18. It is apposite to state that in respect of the other cases, namely, I.T. A. No. 294 (Cal) of 1997 and I.T.A. No. 1679 (Cal) of 197, the learned tribunal has accepted such loss as short term capital loss and permitted such deduction in respect of the self-same rights issue to the respective assessees.

19. The department has not appealed against such orders of the learned tribunal and has accepted the same.

20. In spite of such state of affairs we are at a loss as to how the learned tribunal in the impugned decision could come to completely different finding that the said decision in the case of Karam Chand Thapar & Bros. (Coal Sales) Ltd. (supra) is not applicable to the facts of the assessee’s case, and that of Kamal Trading Co. (supra) is applicable. It is an admitted fact that the decision of the tribunal in Karam Chand Thapar & Bros. (Coal Sales) Ltd. (supra) is in respect of self-same rights issue whereas the decision in Kamal Trading Co. (supra) was delivered in respect of a different rights issue wherein the terms and conditions were completely different from that in the present rights issue. In fact, the tribunal in its decision in Kamal Trading Co.‘s case (supra) distinguished the terms of the rights issue in that case from the rights issue in Karam Chand Thapar & Bros. (Coal Sales) Ltd. (supra) which is same in the instant case.

21. In spite of that the tribunal chose to rely on the ratio of Kamal Trading’s case (supra) instead of relying on the decision of the Karam Chand Thapar & Bros. case (supra) which related to the self-same rights issue.
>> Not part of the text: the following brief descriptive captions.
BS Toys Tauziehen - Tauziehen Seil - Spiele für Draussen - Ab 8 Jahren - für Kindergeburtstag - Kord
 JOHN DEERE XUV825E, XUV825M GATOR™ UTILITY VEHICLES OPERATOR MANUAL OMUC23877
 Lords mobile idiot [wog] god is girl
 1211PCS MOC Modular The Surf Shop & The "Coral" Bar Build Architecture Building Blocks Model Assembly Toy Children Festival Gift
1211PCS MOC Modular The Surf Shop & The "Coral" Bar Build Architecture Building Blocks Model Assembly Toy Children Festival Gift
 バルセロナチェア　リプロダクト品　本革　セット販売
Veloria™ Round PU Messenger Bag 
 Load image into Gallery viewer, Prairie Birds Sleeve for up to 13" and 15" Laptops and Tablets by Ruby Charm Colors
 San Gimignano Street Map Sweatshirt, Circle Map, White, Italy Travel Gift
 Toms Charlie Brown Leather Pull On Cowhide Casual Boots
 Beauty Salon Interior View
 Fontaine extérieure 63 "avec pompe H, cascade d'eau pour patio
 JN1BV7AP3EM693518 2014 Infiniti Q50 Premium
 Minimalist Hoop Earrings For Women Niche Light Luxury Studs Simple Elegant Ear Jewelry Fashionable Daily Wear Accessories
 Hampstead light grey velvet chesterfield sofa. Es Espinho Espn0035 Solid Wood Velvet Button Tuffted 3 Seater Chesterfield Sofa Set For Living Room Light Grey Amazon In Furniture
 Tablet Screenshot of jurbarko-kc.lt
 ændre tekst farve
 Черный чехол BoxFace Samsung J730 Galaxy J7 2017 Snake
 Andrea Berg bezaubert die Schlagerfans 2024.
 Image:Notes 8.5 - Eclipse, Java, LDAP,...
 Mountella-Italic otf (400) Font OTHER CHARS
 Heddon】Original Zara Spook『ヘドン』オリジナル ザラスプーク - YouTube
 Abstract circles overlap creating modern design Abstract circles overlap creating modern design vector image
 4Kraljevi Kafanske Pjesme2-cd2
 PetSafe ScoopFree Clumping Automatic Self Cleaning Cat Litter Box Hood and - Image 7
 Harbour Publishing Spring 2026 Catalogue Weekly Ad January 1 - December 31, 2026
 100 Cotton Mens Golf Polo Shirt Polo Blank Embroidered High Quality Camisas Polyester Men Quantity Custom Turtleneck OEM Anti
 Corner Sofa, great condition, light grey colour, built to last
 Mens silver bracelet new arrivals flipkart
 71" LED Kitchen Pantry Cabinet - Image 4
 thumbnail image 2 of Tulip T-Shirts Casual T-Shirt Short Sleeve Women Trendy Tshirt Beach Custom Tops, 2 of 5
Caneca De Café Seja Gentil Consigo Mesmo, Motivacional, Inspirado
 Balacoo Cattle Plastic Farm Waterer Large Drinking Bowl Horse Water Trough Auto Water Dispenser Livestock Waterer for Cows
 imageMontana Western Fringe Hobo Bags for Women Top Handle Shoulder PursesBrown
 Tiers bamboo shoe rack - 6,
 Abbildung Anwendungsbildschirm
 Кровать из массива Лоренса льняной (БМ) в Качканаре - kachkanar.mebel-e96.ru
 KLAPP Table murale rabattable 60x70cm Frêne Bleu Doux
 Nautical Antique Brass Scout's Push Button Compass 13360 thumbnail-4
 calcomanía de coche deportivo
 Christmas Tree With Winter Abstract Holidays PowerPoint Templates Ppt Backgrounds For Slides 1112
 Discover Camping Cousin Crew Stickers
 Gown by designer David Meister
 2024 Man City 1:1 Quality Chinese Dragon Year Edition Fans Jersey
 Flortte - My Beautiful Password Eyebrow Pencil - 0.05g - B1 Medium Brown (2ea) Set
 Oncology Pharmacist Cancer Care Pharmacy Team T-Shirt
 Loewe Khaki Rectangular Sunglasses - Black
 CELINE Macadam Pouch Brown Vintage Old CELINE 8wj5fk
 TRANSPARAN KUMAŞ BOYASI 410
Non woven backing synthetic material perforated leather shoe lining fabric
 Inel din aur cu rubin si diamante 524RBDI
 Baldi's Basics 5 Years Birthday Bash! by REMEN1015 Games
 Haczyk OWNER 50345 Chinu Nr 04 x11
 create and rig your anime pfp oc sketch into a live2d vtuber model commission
Furthermore, the decision of the tribunal runs contrary to the ratio laid down by this Court in the case of Karam Chand Thapar & Bros.’ case (supra) in its judgement and order dated 17th December, 1998.

22. In view of the above decision, we, therefore, hold that the finding of the learned tribunal is not sustainable as being contrary to the law declared by this Hon’ble Court as aforesaid.

23. We set aside the impugned order passed by the learned tribunal to the extent it confirmed the disallowance of Rs. 28,17,945/- as short term capital loss as claimed by the assessee and allowed by CIT (Appeals).

24. The reference is accordingly answered in favour of the appellant assessee and against the assessee.